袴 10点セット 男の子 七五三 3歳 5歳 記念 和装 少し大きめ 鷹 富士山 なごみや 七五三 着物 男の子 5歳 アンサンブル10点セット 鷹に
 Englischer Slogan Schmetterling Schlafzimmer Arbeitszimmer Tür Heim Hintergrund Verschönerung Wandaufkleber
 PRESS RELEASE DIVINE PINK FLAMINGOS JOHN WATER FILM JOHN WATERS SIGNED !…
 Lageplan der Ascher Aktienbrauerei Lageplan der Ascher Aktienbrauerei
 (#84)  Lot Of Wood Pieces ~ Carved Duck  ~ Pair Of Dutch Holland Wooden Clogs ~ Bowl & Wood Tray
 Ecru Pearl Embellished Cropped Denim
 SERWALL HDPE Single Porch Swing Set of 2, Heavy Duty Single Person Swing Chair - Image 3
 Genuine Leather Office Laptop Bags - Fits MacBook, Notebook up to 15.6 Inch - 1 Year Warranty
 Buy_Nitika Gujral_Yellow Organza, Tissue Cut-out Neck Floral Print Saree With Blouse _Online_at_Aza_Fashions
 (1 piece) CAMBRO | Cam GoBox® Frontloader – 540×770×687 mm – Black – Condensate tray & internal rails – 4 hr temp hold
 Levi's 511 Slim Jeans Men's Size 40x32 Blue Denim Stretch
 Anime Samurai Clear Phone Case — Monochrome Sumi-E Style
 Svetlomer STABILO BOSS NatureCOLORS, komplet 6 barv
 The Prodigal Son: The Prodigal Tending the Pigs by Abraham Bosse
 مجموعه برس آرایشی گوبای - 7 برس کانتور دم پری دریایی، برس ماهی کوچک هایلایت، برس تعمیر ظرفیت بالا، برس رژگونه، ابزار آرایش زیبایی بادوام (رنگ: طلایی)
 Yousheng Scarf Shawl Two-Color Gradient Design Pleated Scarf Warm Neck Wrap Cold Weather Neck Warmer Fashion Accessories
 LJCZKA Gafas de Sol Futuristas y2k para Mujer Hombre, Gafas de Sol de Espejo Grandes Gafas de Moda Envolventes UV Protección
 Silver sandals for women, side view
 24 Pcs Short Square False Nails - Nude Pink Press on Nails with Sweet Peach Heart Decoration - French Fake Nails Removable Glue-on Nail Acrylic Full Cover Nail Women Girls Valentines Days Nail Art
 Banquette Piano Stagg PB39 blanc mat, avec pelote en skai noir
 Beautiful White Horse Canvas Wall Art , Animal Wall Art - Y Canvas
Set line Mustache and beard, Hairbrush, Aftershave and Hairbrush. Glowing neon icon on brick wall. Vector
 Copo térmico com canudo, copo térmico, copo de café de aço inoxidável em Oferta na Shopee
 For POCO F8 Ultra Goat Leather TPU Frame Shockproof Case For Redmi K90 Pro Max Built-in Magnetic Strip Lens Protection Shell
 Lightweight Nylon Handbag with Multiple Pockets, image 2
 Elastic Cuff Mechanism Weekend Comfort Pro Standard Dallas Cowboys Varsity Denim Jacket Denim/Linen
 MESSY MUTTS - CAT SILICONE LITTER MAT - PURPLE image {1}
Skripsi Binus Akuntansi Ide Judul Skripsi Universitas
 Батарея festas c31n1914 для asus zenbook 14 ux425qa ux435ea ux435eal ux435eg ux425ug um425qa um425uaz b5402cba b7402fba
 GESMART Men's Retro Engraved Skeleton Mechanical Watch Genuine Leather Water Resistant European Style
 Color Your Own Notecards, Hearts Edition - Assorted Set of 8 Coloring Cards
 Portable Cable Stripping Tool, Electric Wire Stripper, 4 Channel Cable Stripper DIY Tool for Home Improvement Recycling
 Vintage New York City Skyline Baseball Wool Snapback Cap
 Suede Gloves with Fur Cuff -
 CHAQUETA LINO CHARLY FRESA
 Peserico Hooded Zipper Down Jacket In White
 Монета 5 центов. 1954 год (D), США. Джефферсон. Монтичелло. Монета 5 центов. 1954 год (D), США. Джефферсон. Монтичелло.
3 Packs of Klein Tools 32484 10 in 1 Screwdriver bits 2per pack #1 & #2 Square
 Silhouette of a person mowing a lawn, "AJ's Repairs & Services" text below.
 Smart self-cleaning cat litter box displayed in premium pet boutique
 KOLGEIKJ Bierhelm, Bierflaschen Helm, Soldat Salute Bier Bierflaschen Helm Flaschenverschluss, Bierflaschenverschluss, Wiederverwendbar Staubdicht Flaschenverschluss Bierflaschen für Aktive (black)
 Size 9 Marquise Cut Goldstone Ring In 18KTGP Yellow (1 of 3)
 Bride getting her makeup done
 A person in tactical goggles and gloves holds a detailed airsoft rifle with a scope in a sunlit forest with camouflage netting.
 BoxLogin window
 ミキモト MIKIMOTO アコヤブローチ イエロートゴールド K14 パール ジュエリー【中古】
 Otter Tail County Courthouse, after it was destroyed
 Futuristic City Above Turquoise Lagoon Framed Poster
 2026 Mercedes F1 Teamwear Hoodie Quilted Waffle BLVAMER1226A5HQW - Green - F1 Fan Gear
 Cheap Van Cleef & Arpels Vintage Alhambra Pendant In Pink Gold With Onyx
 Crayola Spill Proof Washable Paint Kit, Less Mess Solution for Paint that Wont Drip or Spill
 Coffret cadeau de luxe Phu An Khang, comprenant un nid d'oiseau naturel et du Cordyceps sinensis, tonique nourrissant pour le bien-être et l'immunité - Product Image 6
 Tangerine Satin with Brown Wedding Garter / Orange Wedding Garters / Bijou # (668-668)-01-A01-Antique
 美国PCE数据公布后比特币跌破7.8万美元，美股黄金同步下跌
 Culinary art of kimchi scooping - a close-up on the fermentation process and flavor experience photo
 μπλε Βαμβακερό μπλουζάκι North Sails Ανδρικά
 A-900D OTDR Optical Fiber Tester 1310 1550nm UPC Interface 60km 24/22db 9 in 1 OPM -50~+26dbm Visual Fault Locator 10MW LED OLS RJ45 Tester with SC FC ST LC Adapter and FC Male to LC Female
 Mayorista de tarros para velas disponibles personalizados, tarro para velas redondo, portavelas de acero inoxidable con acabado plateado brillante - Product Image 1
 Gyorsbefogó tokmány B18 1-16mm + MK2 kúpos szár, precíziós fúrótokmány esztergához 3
§
◆ What you are asked to do ◆
Within the listing above, give again exactly every line from the line with "Englischer Slogan Schmetterling" through the line with "Buy_Nitika Gujral_Yellow Organza, Tissue", both included, and no other line.

◆ Finished task ◆
 Englischer Slogan Schmetterling Schlafzimmer Arbeitszimmer Tür Heim Hintergrund Verschönerung Wandaufkleber
 PRESS RELEASE DIVINE PINK FLAMINGOS JOHN WATER FILM JOHN WATERS SIGNED !…
 Lageplan der Ascher Aktienbrauerei Lageplan der Ascher Aktienbrauerei
 (#84)  Lot Of Wood Pieces ~ Carved Duck  ~ Pair Of Dutch Holland Wooden Clogs ~ Bowl & Wood Tray
 Ecru Pearl Embellished Cropped Denim
 SERWALL HDPE Single Porch Swing Set of 2, Heavy Duty Single Person Swing Chair - Image 3
 Genuine Leather Office Laptop Bags - Fits MacBook, Notebook up to 15.6 Inch - 1 Year Warranty
 Buy_Nitika Gujral_Yellow Organza, Tissue Cut-out Neck Floral Print Saree With Blouse _Online_at_Aza_Fashions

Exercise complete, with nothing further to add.